Modern surveillance systems have two file outputs: a main stream which is high resolution and recorded and a sub-stream which is usually low resolution (you can control the resolution on both feeds, so that they work with whatever internet connection speed you have) that is broadcast when you are viewing them remotely. We're not aware of any major brand that allows you to record the substream over the internet. This is why most other states' regulations state not that the footage has to be off-site, but has to be accessible off-site.

How was such a bad regulation created?

With the very low resolution cameras (lower than non-HD TV) that were popular 15 years ago, you could store a significant amount of time on a DVR since the video footage itself was so low quality that it didn't take up as much space. So, storing your footage on removable media was an option. With a 32 channel 1080P system (and most cannabis clients opt for 1.5x or 2x 1080P quality level), you'd need to swap the DVD every 25 minutes, 24-hours-a-day. If you opted for the more popular 4MP cameras (2x 1080P), you couldn't even burn a DVD as fast as you were making the footage. These regulations don't seem to have kept up with the advances to video resolution and, more to the point, the lack of advances to removable media and internet speed.

Can't I just usa a cloud camera to comply?

P2P (peer-to-peer) is what most surveillance systems use. They send video on demand to whoever is watching the system with no central server in the way (cloud means multiple redundant central servers). They usually send a full HD video stream when watching a single camera full screen and low resolution streams when watching the cameras on a grid.

Cloud cameras, like Google Nest, Samsung Arlo or Ring doorbells, record video clips (not continuous video) when a motion sensor is triggered. Your requirements state that you must continuously recorded 24 hours a day, so you can't use a cloud camera.

24/7 Continuous, multi-camera cloud based surveillance, especially in rural areas (where a cannabis farm is located), is a pipedream that can only exist when the average rural internet upload speeds are about 1000x faster than they are now. Even most city based ISPs can only connect fast enough to send video clips (not continuous footage) for a 1 to 4 cloud cameras at once.

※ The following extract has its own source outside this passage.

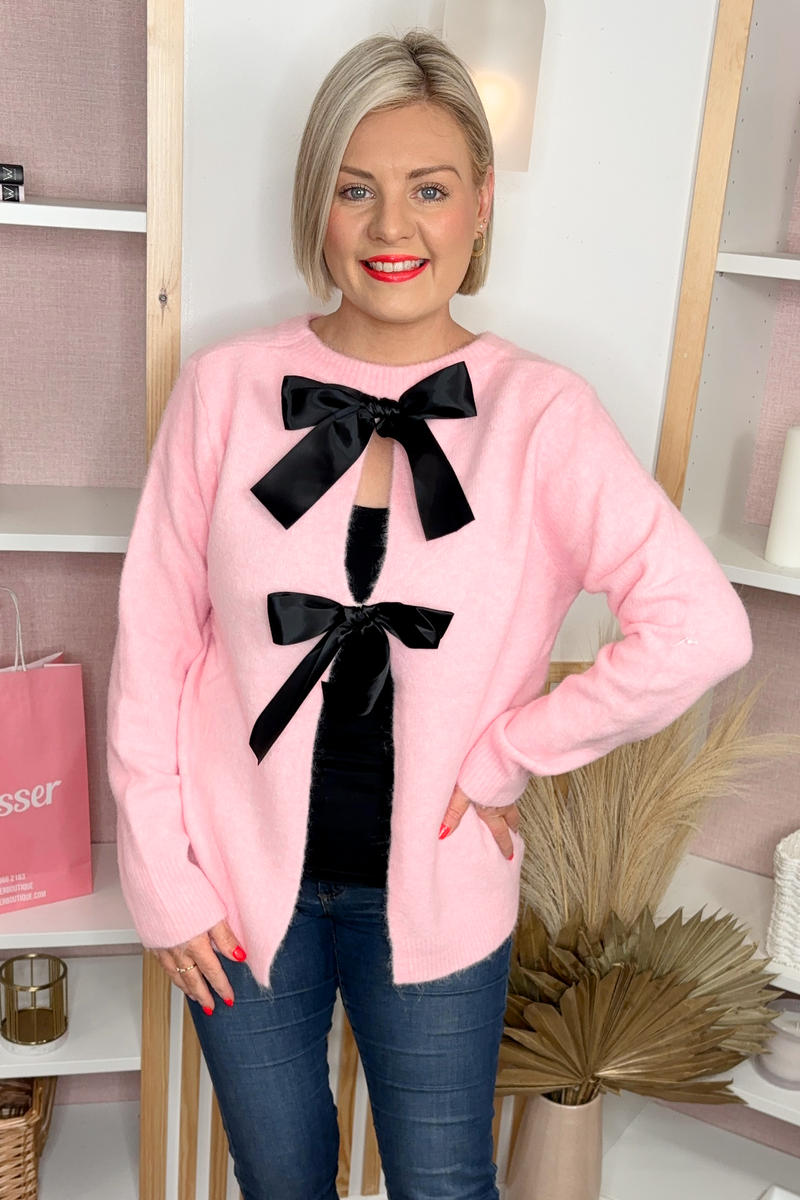 Pink Bow Back Bubble Sleeve Sweater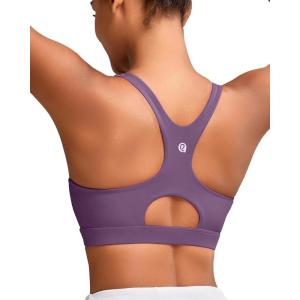 imageRUNNING GIRL Sports Bras for Women High SupportRacerback High Impact Grey Sports Bra Moulded Cup Workout Bra Push upEpurple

The speed of the average internet upload speed of an US internet connection is about 5Mbps. A single 1080P camera creates 2.5-5Mbps of video footage a second. The average cannabis system is 30 to 60 cameras. What they wrote is impossible; what they must have meant was storage for 15 days and the ability to watch the video remotely.


*We're not lawyers and laws do change. We try our best to keep this page updated with changes to the law, but you should always do you own research or hire your own lawyer to guarantee compliance with the law.